If you have the room go with the 5x10. Just be aware of being able to access the inner most part of the layout. Back when I had my larger layout I had it on 2 ft. wide shelves around the room. I ran 22" radius curves, my Broadway GS-4 daylight had no problem. With a 4x8 layout you basically restricted to 18" radius, which set in an older time period short line It'll look just fine. Due to space issue's I'm currently building a 4x6 layout based on the East Texas logging around Lufkin. Set in the 50's


----------



## James (Nov 3, 2015)

A&NRR said:


> If you have the room go with the 5x10. Just be aware of being able to access the inner most part of the layout. Back when I had my larger layout I had it on 2 ft. wide shelves around the room. I ran 22" radius curves, my Broadway GS-4 daylight had no problem. With a 4x8 layout you basically restricted to 18" radius, which set in an older time period short line It'll look just fine. Due to space issue's I'm currently building a 4x6 layout based on the East Texas logging around Lufkin. Set in the 50's


That sounds really cool what you are doing. East Texas logging around Lufkin is really neat. 

Where I plan on doing the layout is in a spare bedroom with the only things in there are the washer and dryer.


----------



## MtRR75 (Nov 27, 2013)

I have a BLI 2-8-2 that I bought used. It runs fine on my 18" curves. But it is one of their older models. I can't speak for the newest models.

That being said, if you have space for a 5 x 10 ft layout, go for it. This small increase will give you lots more options in your track layout scheme. By the way, 5' is the widest that you want to go. That leaves a 2.5 foot reach into the center of the layout. That is about as far as most people can reach and perform delicate operations, like track laying or fixing derailments.


----------



## Cycleops (Dec 6, 2014)

James said:


> Thank you. Would you know what other makers offer European engines and such?


There are many fine manufacturers of European locos and stock, these are a few: Roco, Brawa, Viet, Bemo, Fleischmann, Rivarossi, Lima, Piko and OsKar.

It would be a good idea to buy a digital issue of Continental Modeller:http://www.pecopublications.co.uk/continental-modeller.html its a mine of information on European matters and even covers the US scene.


----------



## A&NRR (Aug 2, 2015)

James, do you have a certain railroad or location you want to model. I've found that having a certain theme gives the railroad a purpose of being there. Although it's long out of print but I really enjoyed John Olsen's book The Jerome and Southwestern R.R. It was a 4x8 HO scale short line based in the 40's mining town in Arizona. I'm there's pictures of the layout online, Google images maybe. It showed just how much detail can be accomplished in a small space.


----------



## CTValleyRR (Jul 26, 2014)

I'll chime in on your size considerations: most locomotives are designed to run on 18" curves. Whether they look good doing it (longer ones have a lot of overhang, and can create lots of friction doing it) and pull cars without problems, is another story.
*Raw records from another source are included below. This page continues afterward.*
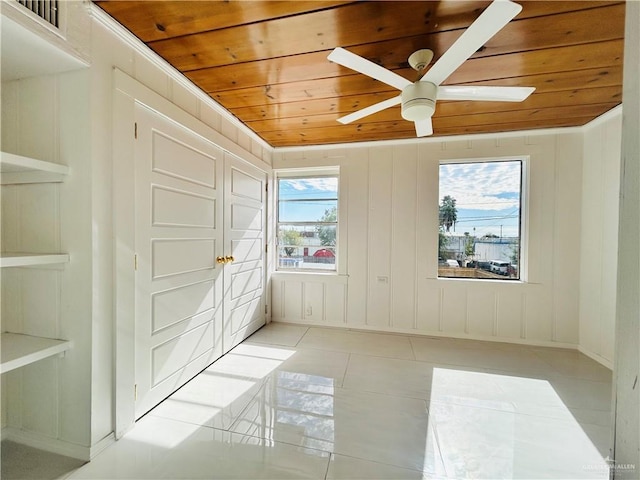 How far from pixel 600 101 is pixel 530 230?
132 cm

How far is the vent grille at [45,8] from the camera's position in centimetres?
115

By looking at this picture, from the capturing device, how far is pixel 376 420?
1.71 meters

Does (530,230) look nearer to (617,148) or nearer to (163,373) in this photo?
(617,148)

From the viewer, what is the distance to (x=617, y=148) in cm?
241

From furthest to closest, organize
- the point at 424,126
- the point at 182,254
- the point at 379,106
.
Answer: the point at 424,126 < the point at 182,254 < the point at 379,106

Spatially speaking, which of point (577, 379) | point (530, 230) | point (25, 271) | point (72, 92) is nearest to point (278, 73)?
point (72, 92)

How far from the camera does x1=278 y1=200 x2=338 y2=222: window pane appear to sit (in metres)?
3.57

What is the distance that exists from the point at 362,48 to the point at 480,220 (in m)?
2.50

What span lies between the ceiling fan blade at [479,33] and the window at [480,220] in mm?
2014

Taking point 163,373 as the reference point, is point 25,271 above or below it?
above

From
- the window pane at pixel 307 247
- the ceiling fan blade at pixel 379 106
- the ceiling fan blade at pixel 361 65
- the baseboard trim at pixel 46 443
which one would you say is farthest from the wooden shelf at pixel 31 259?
the window pane at pixel 307 247

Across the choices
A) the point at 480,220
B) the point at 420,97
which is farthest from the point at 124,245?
the point at 480,220

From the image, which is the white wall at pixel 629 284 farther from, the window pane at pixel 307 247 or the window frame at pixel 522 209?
the window pane at pixel 307 247

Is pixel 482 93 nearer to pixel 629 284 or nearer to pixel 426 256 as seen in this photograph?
pixel 629 284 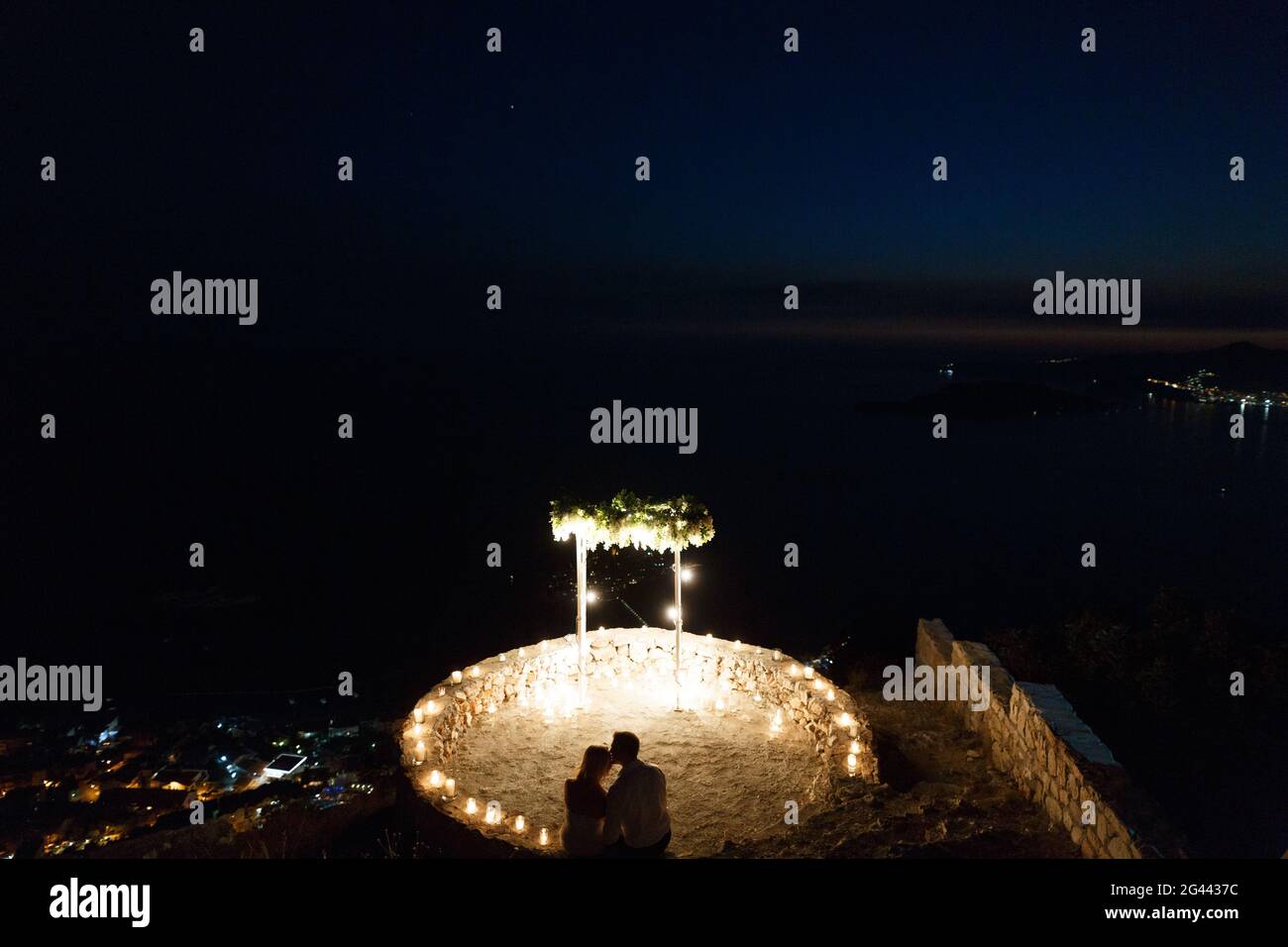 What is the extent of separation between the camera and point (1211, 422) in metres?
70.4

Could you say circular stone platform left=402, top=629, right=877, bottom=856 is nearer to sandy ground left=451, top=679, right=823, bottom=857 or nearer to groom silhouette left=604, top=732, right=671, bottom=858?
sandy ground left=451, top=679, right=823, bottom=857

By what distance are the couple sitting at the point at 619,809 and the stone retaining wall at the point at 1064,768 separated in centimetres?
330

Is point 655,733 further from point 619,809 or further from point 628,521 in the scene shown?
point 619,809

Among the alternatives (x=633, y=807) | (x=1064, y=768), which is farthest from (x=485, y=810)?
(x=1064, y=768)

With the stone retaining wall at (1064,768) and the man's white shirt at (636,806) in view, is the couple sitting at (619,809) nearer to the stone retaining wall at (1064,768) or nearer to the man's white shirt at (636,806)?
the man's white shirt at (636,806)

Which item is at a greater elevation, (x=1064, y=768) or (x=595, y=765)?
(x=595, y=765)

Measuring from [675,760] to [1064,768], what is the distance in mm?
4098

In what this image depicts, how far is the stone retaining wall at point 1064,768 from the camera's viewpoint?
5.62 meters

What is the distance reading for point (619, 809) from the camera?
16.3 feet

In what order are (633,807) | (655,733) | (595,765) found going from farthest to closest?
(655,733) < (595,765) < (633,807)

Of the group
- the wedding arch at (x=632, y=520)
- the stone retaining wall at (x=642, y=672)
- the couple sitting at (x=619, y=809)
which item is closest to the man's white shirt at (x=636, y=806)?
the couple sitting at (x=619, y=809)

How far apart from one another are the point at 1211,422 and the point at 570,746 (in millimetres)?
80775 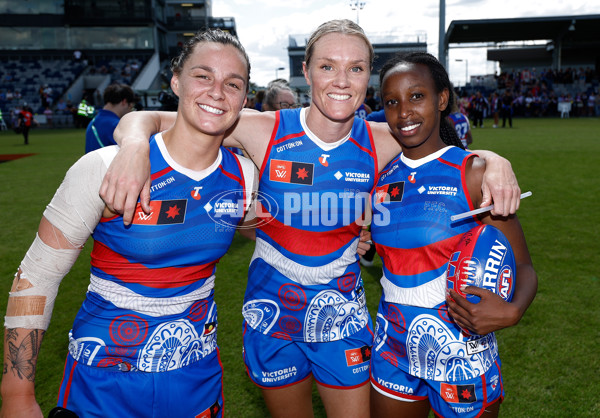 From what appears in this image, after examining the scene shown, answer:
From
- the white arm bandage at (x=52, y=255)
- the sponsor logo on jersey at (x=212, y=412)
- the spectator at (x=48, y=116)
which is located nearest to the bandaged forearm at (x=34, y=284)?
the white arm bandage at (x=52, y=255)

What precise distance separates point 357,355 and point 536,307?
125 inches

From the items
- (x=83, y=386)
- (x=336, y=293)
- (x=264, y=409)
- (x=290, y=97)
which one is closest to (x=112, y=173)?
(x=83, y=386)

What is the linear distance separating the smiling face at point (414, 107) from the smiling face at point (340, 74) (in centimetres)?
19

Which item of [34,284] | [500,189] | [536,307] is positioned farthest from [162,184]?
[536,307]

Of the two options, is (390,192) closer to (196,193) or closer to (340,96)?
(340,96)

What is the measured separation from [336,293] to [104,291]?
44.1 inches

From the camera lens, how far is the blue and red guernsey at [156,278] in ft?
5.87

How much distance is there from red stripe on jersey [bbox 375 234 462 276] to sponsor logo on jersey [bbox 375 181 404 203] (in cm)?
25

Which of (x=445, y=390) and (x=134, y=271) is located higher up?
(x=134, y=271)

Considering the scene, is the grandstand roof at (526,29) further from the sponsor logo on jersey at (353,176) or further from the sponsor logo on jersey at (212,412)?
the sponsor logo on jersey at (212,412)

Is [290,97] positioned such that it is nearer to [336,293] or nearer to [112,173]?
[336,293]

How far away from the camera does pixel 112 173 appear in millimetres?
1653

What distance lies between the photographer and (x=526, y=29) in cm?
4116

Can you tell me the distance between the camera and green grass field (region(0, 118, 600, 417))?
10.9 ft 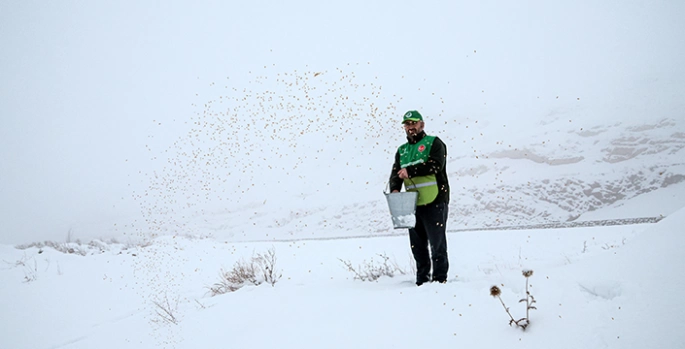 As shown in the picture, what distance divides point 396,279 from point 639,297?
7.88 feet

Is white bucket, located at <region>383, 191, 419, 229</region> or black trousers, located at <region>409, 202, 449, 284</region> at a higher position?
white bucket, located at <region>383, 191, 419, 229</region>

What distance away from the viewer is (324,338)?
2512mm

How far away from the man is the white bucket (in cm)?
15

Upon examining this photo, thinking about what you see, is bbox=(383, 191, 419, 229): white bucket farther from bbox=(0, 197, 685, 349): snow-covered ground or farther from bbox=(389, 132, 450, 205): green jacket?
bbox=(0, 197, 685, 349): snow-covered ground

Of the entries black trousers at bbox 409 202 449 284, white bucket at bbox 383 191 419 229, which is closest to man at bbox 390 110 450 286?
black trousers at bbox 409 202 449 284

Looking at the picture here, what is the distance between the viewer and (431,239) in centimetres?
353

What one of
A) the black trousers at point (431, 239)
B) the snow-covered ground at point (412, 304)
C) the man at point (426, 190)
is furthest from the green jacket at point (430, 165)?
the snow-covered ground at point (412, 304)

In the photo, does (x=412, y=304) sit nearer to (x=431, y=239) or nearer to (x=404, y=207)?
(x=431, y=239)

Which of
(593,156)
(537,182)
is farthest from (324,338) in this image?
(593,156)

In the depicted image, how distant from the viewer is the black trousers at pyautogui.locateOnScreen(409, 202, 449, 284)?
349 centimetres

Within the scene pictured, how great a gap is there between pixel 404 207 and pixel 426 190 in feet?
0.90

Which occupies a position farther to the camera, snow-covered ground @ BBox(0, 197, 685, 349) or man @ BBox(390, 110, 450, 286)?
man @ BBox(390, 110, 450, 286)

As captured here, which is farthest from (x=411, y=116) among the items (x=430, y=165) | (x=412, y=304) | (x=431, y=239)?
(x=412, y=304)

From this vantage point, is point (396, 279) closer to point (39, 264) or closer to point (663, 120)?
point (39, 264) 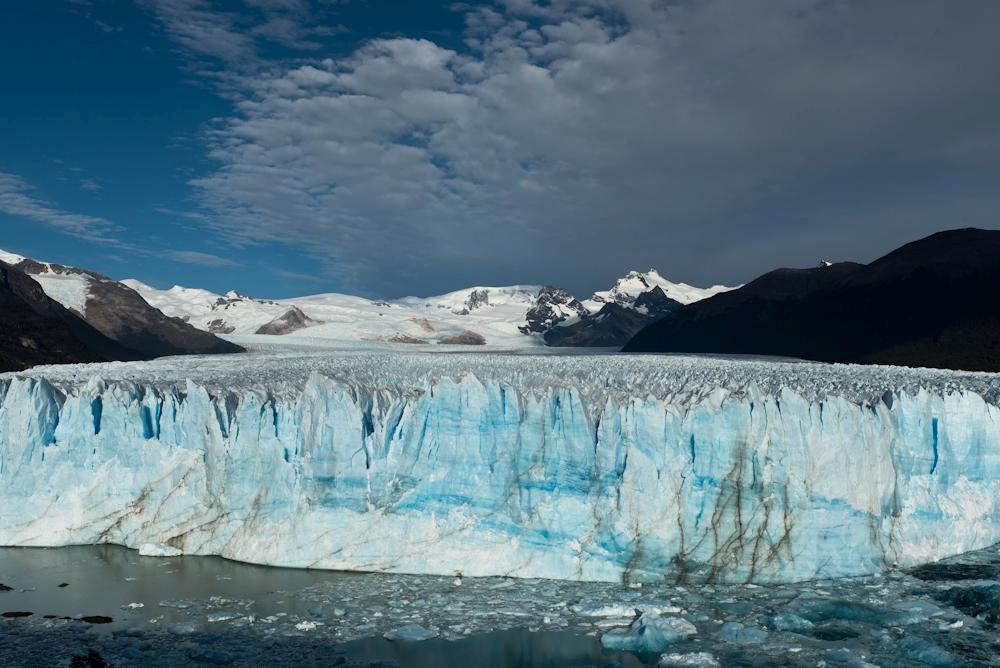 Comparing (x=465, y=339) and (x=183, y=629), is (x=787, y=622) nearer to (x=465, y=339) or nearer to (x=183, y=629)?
(x=183, y=629)

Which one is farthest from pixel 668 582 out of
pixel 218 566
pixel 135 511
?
pixel 135 511

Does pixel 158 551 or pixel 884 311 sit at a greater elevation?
pixel 884 311

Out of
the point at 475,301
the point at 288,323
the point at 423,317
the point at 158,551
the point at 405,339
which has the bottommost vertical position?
the point at 158,551

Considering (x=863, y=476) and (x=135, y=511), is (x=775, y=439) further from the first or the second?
(x=135, y=511)

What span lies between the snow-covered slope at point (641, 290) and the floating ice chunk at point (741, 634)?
98.6 m

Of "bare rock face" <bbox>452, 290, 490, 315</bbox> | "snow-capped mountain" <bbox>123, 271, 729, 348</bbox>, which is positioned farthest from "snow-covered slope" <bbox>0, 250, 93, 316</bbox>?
"bare rock face" <bbox>452, 290, 490, 315</bbox>

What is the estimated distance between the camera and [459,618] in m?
10.8

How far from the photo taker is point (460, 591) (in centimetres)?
1206

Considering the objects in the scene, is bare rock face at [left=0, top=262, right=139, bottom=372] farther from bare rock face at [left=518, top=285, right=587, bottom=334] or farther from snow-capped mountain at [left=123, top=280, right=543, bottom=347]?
bare rock face at [left=518, top=285, right=587, bottom=334]

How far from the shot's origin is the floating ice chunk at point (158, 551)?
13.9m

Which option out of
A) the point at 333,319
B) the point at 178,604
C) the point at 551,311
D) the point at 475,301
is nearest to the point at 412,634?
the point at 178,604

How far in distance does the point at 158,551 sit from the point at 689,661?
9900mm

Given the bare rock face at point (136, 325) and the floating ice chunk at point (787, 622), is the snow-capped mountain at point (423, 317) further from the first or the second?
the floating ice chunk at point (787, 622)

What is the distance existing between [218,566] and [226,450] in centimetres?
219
Best practice is really to go as big as you can. If you can do a 5x10 with 22" radius curves, you will be probably be happier. Keep in mind that your reach is probably going to be limited to about 30", so keep that in mind as you design and build. Moreover, you may want to break out of the "rectangle" mold and string together a series of 2x4 (up to 2x8) modules for a more donut or around-the-room approach. These designs actually give you more layout in the same space (accounting for access aisles).


----------



## Old_Hobo (Feb 20, 2014)

MtRR75 said:


> That being said, if you have space for a 5 x 10 ft layout, go for it. This small increase will give you lots more options in your track layout scheme. By the way, 5' is the widest that you want to go. That leaves a 2.5 foot reach into the center of the layout. That is about as far as most people can reach and perform delicate operations, like track laying or fixing derailments.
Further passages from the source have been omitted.